What is being asked:
All lines below starting at the one that holds "It optimized these" and ending at the one that holds "Protein3D allows you" should be printed exactly, ends included. Pictures should not be printed, nor anything else.

Extracted data:
━━━━━━
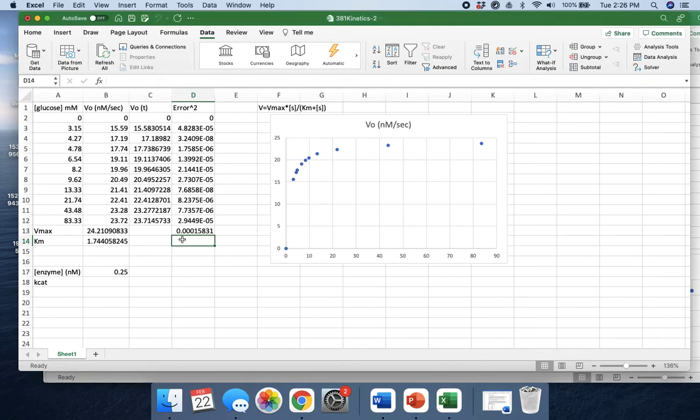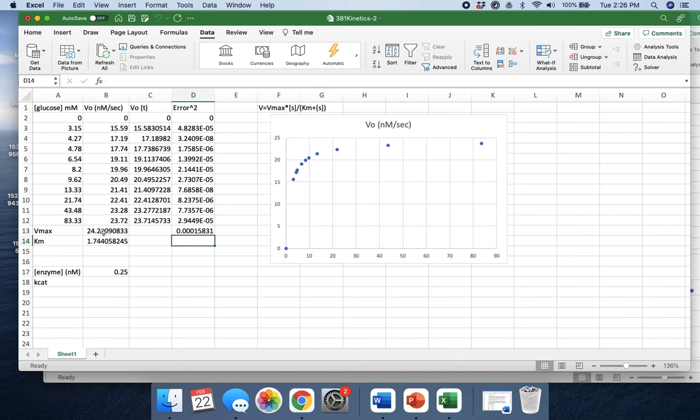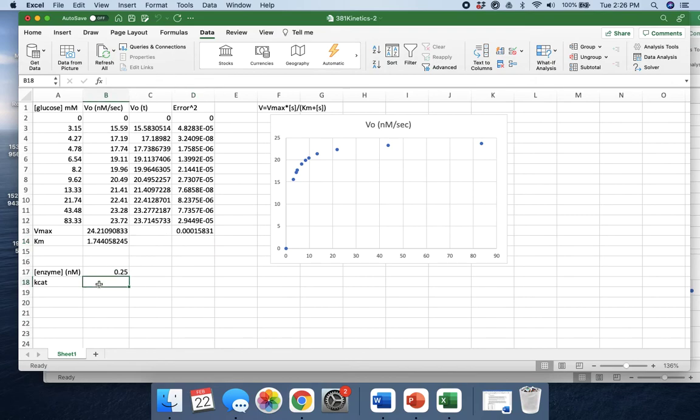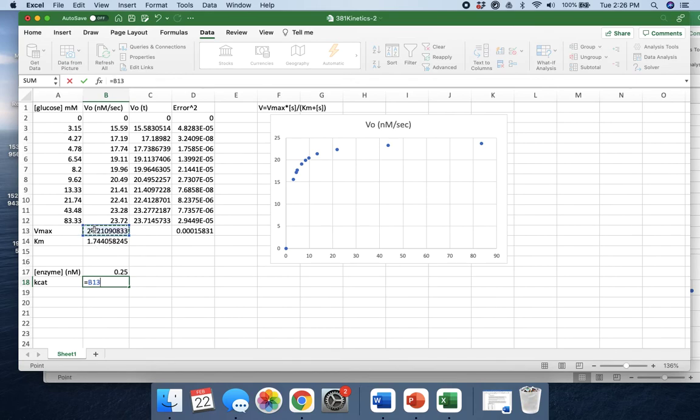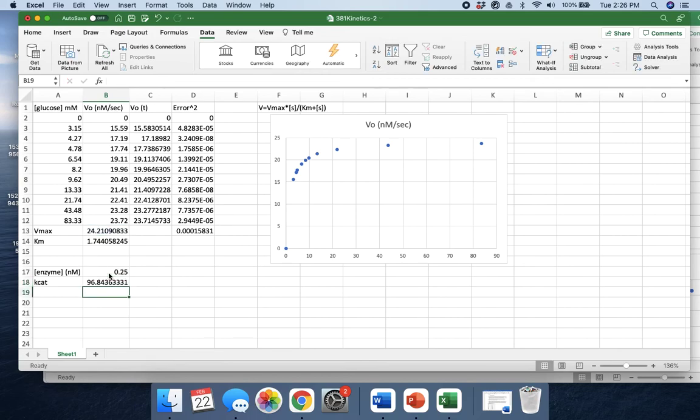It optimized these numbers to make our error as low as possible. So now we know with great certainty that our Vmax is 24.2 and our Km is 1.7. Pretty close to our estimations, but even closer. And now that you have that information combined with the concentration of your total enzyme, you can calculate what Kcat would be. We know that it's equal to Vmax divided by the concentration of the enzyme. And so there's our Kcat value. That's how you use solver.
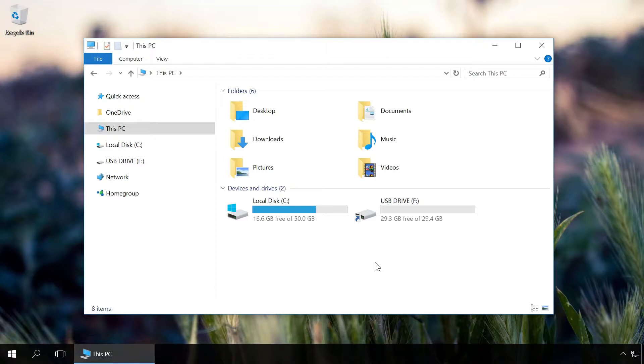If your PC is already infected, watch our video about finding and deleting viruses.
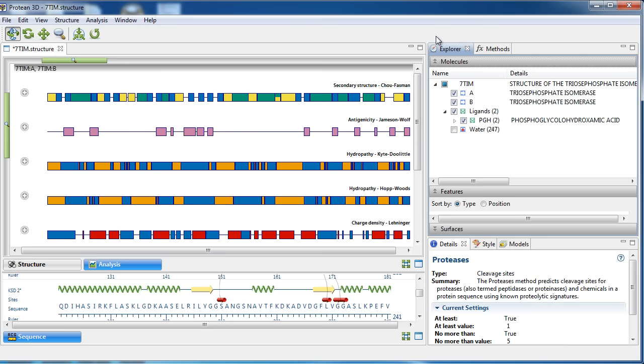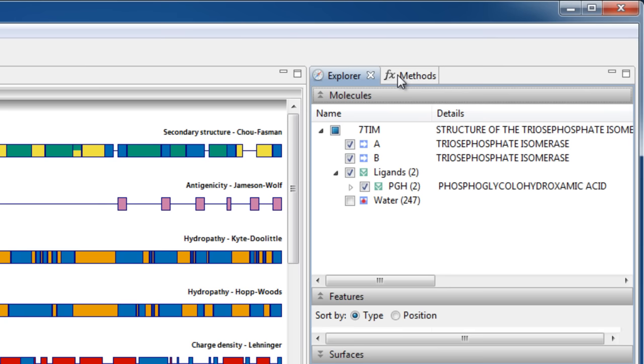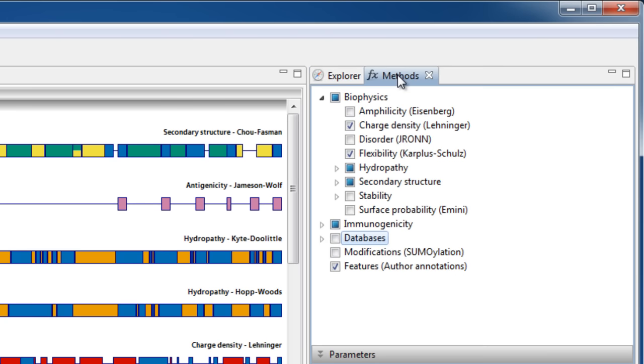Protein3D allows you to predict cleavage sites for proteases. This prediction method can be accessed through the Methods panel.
━━━━━━
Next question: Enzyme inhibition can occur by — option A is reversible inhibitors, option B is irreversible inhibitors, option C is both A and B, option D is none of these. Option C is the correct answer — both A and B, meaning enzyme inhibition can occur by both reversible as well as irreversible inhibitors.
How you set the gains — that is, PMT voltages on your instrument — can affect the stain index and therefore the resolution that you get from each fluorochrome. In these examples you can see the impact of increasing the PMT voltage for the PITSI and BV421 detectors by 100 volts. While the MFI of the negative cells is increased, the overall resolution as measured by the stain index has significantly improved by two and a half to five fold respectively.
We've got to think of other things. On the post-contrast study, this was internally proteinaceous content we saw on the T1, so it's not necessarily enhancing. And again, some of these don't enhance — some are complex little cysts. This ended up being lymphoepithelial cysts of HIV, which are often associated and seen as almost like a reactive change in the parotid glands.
━━━━━━
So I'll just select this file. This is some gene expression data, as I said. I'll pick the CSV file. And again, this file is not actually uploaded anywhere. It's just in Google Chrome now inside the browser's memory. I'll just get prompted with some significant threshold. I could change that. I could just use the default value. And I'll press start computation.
━━━━━━
Answer section:
It optimized these numbers to make our error as low as possible. So now we know with great certainty that our Vmax is 24.2 and our Km is 1.7. Pretty close to our estimations, but even closer. And now that you have that information combined with the concentration of your total enzyme, you can calculate what Kcat would be. We know that it's equal to Vmax divided by the concentration of the enzyme. And so there's our Kcat value. That's how you use solver.
If your PC is already infected, watch our video about finding and deleting viruses.
Protein3D allows you to predict cleavage sites for proteases. This prediction method can be accessed through the Methods panel.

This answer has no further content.